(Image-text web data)
============================================================

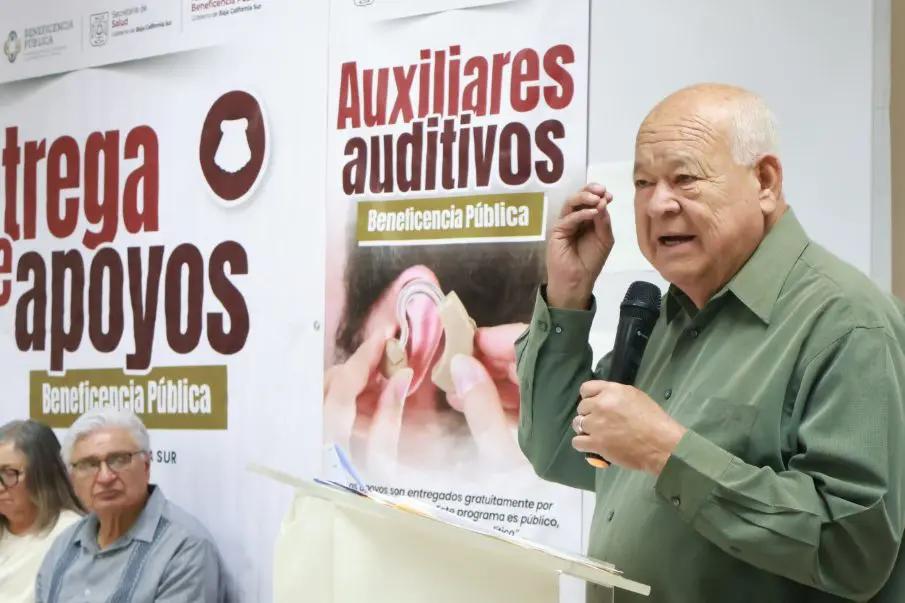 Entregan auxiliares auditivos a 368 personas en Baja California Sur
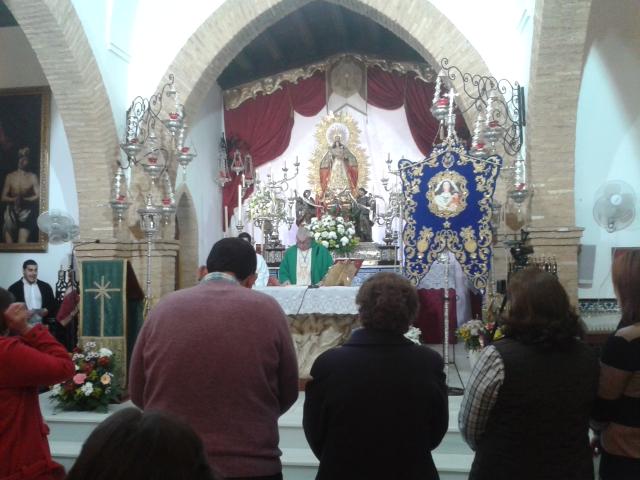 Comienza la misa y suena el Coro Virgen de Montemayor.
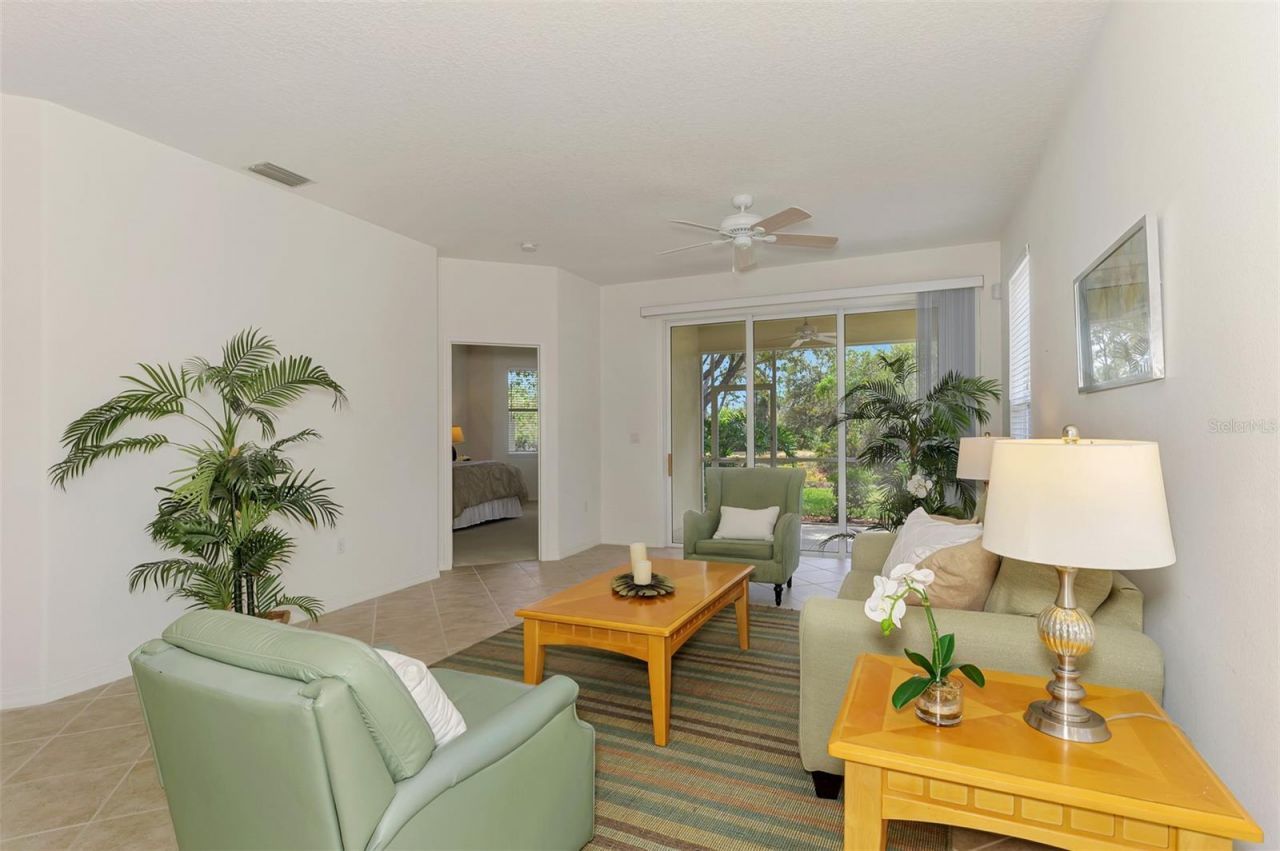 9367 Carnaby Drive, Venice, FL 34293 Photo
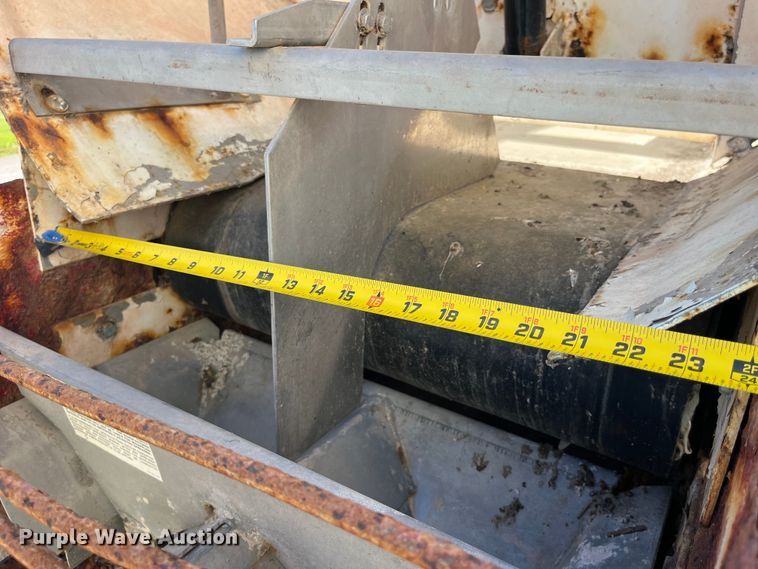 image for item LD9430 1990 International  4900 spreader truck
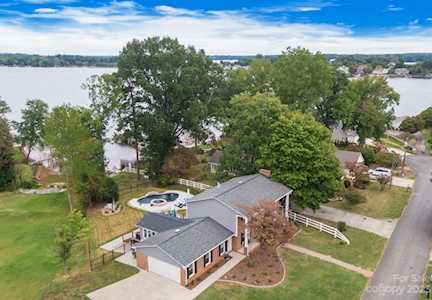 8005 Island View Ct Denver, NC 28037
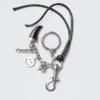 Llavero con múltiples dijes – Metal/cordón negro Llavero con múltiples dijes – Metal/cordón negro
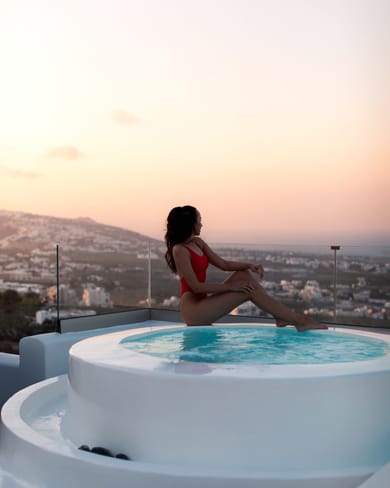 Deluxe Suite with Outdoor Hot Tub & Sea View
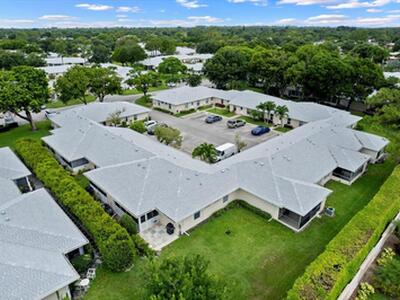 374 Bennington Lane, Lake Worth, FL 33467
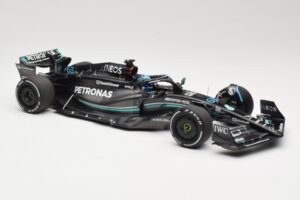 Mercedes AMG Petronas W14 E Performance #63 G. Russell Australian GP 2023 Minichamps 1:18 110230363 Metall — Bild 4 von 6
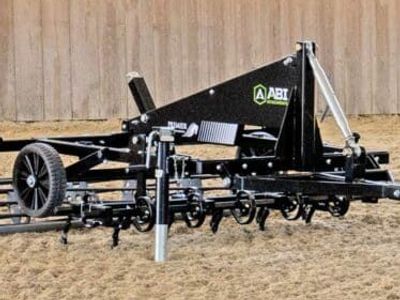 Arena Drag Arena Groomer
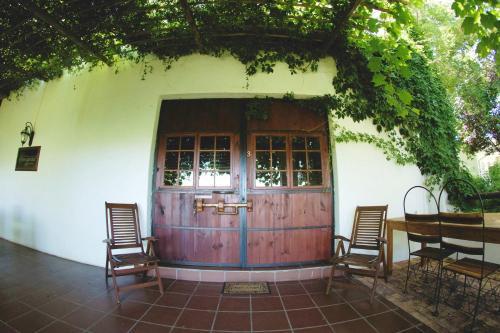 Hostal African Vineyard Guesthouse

============================================================

• **Exercise requirements**
The expected output is the full data above, reproduced exactly with no images.

• **Solution for this task**
 Entregan auxiliares auditivos a 368 personas en Baja California Sur
 Comienza la misa y suena el Coro Virgen de Montemayor.
 9367 Carnaby Drive, Venice, FL 34293 Photo
 image for item LD9430 1990 International  4900 spreader truck
 8005 Island View Ct Denver, NC 28037
 Llavero con múltiples dijes – Metal/cordón negro Llavero con múltiples dijes – Metal/cordón negro
 Deluxe Suite with Outdoor Hot Tub & Sea View
 374 Bennington Lane, Lake Worth, FL 33467
 Mercedes AMG Petronas W14 E Performance #63 G. Russell Australian GP 2023 Minichamps 1:18 110230363 Metall — Bild 4 von 6
 Arena Drag Arena Groomer
 Hostal African Vineyard Guesthouse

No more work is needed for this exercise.